Когда мы уже вдоволь посмеялись над этим анекдотом, канцлер завел разговор о последних столкновениях между партией оппозиции и министерской партией в Париже, причем он почти дословно повторил пылкую речь, с которой отчаянно смелый демократ, защищаясь перед судом, обратился к министрам. Мы и на сей раз подивились замечательной памяти канцлера. Гёте и канцлер еще долго обсуждали этот случай, но в первую очередь ограничительный закон о печати; это была неисчерпаемая тема; Гёте, как всегда, высказывал умеренно-аристократические взгляды, а его друг, — теперь, как и прежде, — видимо, сочувствовал народу.
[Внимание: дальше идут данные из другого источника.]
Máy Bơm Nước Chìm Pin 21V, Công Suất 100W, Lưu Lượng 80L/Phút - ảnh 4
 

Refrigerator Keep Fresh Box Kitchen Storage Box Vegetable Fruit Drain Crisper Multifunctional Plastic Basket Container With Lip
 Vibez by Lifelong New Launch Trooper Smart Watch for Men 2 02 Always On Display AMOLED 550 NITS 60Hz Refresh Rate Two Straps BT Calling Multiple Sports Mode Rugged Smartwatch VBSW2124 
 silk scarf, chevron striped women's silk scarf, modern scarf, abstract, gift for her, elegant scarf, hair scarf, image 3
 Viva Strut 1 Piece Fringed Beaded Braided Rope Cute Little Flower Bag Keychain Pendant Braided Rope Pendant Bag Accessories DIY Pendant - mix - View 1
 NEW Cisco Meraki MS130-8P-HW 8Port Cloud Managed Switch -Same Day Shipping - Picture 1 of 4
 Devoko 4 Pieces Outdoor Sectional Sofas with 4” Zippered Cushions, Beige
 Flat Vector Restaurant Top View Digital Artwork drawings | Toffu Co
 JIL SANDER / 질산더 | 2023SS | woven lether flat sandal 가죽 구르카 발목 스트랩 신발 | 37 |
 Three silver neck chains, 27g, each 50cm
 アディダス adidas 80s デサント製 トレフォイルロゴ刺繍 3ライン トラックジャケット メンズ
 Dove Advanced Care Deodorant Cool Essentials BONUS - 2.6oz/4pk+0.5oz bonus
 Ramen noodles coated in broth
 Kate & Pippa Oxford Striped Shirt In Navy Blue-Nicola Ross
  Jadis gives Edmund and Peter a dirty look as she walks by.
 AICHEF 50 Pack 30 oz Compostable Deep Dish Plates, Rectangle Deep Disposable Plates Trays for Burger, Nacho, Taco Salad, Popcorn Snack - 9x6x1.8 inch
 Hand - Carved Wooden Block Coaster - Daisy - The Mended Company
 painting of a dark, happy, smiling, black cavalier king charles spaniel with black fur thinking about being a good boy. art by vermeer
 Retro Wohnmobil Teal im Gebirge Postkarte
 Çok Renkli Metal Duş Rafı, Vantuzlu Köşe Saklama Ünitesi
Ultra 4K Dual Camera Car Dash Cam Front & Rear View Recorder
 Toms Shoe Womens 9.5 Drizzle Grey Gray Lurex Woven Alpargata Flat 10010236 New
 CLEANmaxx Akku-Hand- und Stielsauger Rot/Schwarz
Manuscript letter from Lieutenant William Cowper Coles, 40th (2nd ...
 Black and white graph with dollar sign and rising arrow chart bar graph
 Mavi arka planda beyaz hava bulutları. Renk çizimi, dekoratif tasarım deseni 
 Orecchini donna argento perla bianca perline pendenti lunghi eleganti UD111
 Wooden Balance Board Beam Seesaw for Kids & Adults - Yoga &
— Я ничуть не боюсь за французов, — сказал Гёте, — им с такой высоты открывается всемирно-историческая перспектива, что дух этой нации ничто уже подавить не может. Ограничительный же закон будет иметь лишь благие последствия, поскольку ограничения касаются только отдельных лиц и ничего важного не затрагивают. Если оппозицию ничем не ограничивать, она превратится в свою противоположность. Ограничения понуждают ее к хитроумию, а это немаловажно. Напрямки, без обиняков высказывать свое мнение простительно и похвально, только когда ты абсолютно прав. Но партия не бывает абсолютно права именно потому, что она партия, посему ей и подобает говорить обиняками, французы же издавна великие мастера в этом деле. Своему слуге я говорю прямо: «Ганс, сними с меня сапоги!» Ему это понятно. Но ежели я захочу, чтобы друг оказал мне эту услугу, я не вправе так прямо к нему обратиться, а обязан придумать какой-то любезный, приятный ему оборот, который побудил бы его оказать мне просимую услугу. Принуждение окрыляет дух, и поэтому я в какой-то мере даже приветствую ограничение свободы печати. До сих пор французы славились как остроумнейшая из наций; надо, чтобы они и впредь пользовались этой заслуженной славой. Мы, немцы, любим не раздумывая выпаливать свое мнение и до сих пор никак не овладеем косвенной речью.